Using linear approximation to find \( \sqrt{4.7} \) Use \( y=\sqrt{3-x} ; x_{0}=-1 \quad(2 d p) \quad\left[\begin{array}{lll}3\end{array}\right] \)

To find \( \sqrt{4.7} \) using linear approximation, we start with the function \( y = \sqrt{3 - x} \). We want to approximate at \( x = -1 \) (since \( 4.7 = 3 - x \), this means \( x = -1.7 \)). We first find the derivative \( y' = -\frac{1}{2\sqrt{3-x}} \).
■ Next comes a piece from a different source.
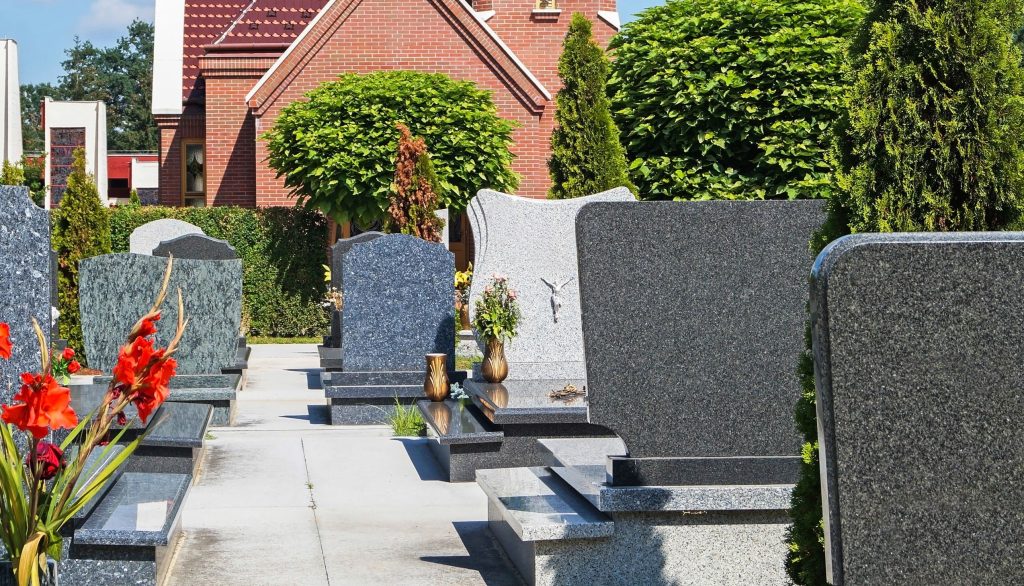 Vous recherchez un monument funéraire sur mesure et à l’image du défunt qui permet à la famille de se recueillir et d’honorer sa mémoire.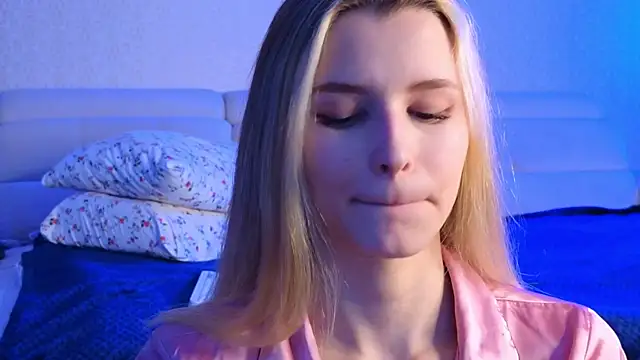 Snapshot of elsa_limerence chatting on 01-11-25, 06:24 elsa limerence online show from 01-11-25, 06:24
Calculate \( y \) and \( y' \) at \( x_0 = -1 \): - \( y(-1) = \sqrt{3 - (-1)} = \sqrt{4} = 2 \) - \( y'(-1) = -\frac{1}{2\sqrt{4}} = -\frac{1}{4} \) Using the linear approximation formula: \[ y \approx y(x_0) + y'(x_0)(x - x_0) \] We plug in \( x = -1.7 \) and \( x_0 = -1 \): \[ y \approx 2 - \frac{1}{4}(-1.7 + 1) = 2 - \frac{1}{4}(-0.7) = 2 + 0.175 = 2.175 \] Thus, \( \sqrt{4.7} \approx 2.175 \). Don't forget, this approximation gives you a close estimate and shows the brilliant application of calculus in predicting values that seem out of reach!